0

I am trying to fetch a URL from a webpage, here is how the URL looks in the Inspect section: enter image description here

Here is how the URL looks in my python-code:

enter image description here

How can I get the actual URL without the ../../ part using BeautifulSoup?
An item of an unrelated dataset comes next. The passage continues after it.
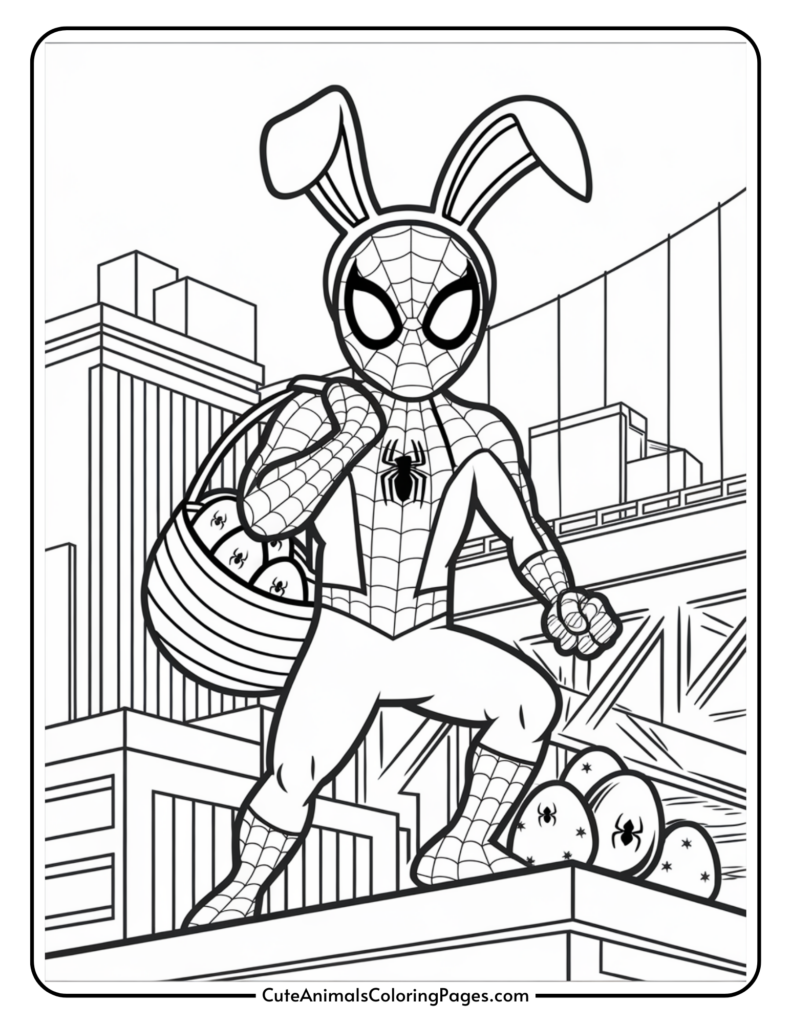 "Superhero character with bunny ears holding a basket of eggs on a rooftop, against a cityscape background."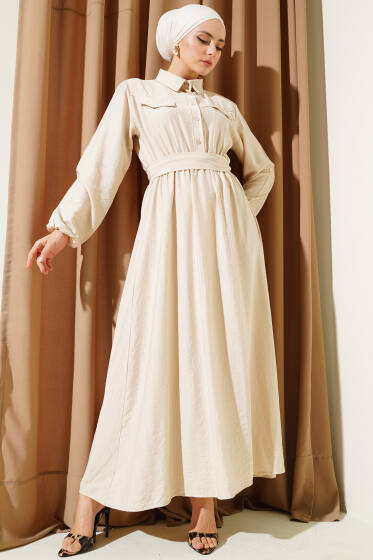 Bel Lastikli Kuşaklı Cep Kapaklı Elbise Bej - Elbise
Here is my code in case it's needed:

import re
import requests
from bs4 import BeautifulSoup

source = requests.get('https://books.toscrape.com/catalogue/category/books_1/index.html').text
soup = BeautifulSoup(source, 'lxml')

# article = soup.find('article')
# title = article.div.a.img['alt']
# print(title['alt'])


titles, topics,urls,sources = [], [], [],[]
article_productPod = soup.findAll('article', {"class":"product_pod"})
for i in article_productPod:
    titles.append(i.div.a.img['alt'])
# print(titles)
for q in article_productPod:
    urls.append(q.h3.a['href'])
print(urls[0])
# for z in range(len(urls)):
    # source2 = requests.get("https://" + urls[z])

Ethan Brown
  • 107
  • 6
  • 2
    Does this answer your question? [Scrape the absolute URL instead of a relative path in python](https://stackoverflow.com/questions/44001007/scrape-the-absolute-url-instead-of-a-relative-path-in-python) – buran May 13 '22 at 17:03
  • The URL is saved in the `urls` array, the output in the photo is printed by the `print(urls[0])` line – Ethan Brown May 13 '22 at 17:04

1 Answers1

2

Use urllib:

import urllib

Store your target URL in a separate variable :

src_url = r'https://books.toscrape.com/catalogue/category/books_1/index.html'
source = requests.get(src_url).text

Join the website's URL and the relative URL:

for q in article_productPod:
    urls.append(urllib.parse.urljoin(src_url, q.h3.a['href']))